• PROBLEM REQUIREMENTS:
Repeat all entries word for word; skip images.

[Extracted data entries]
────────
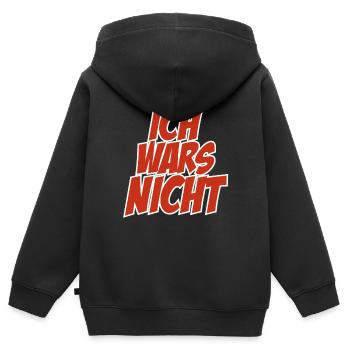 Ich wars nicht - Kinder Premium Organic Zip Hoodie - Schwarz - Hinten - AI Model Kid Male (0cm)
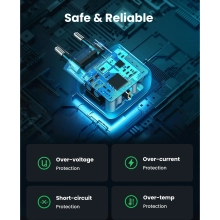 Купить Зарядное устройство Ugreen CD250 25W USB-C PD + USB-C Cable Black (50581) - фото 7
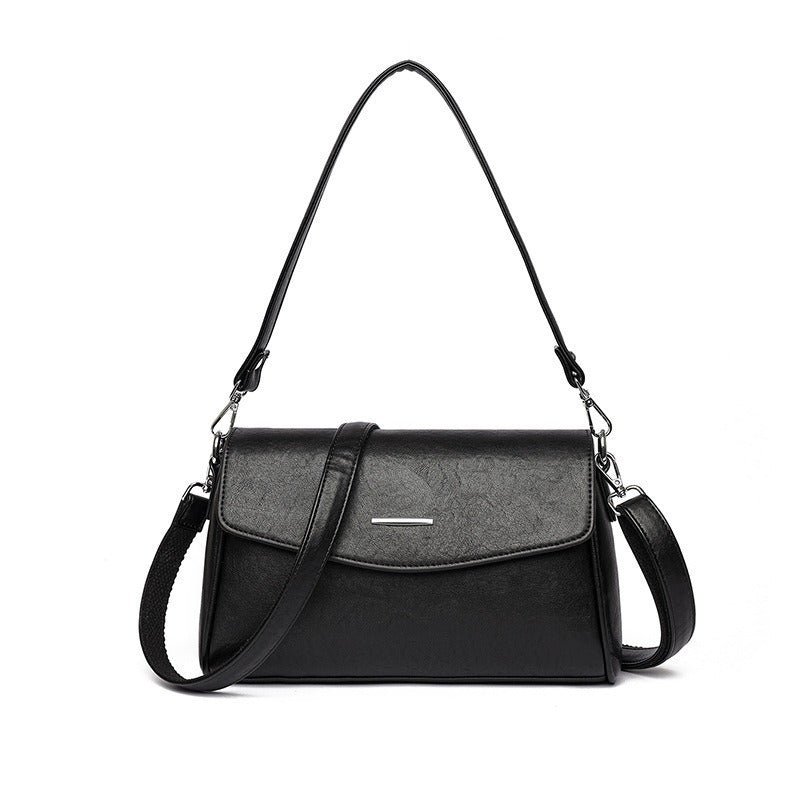 ELEGANTE STRUKTURIERTE SCHULTERTASCHE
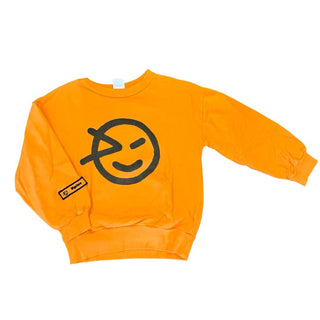 Wynken Orange Pullover with Wink Face Graphic, 6 years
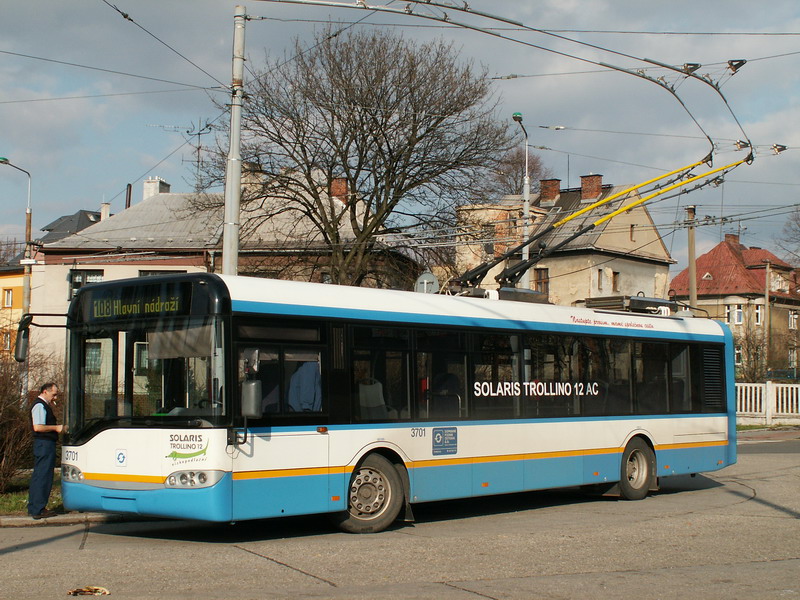 Solaris Trollino II 12AC. DP Ostrava (Czechy) #3701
────────
• FINISHED EXERCISE:
 Ich wars nicht - Kinder Premium Organic Zip Hoodie - Schwarz - Hinten - AI Model Kid Male (0cm)
 Купить Зарядное устройство Ugreen CD250 25W USB-C PD + USB-C Cable Black (50581) - фото 7
 ELEGANTE STRUKTURIERTE SCHULTERTASCHE
 Wynken Orange Pullover with Wink Face Graphic, 6 years
 Solaris Trollino II 12AC. DP Ostrava (Czechy) #3701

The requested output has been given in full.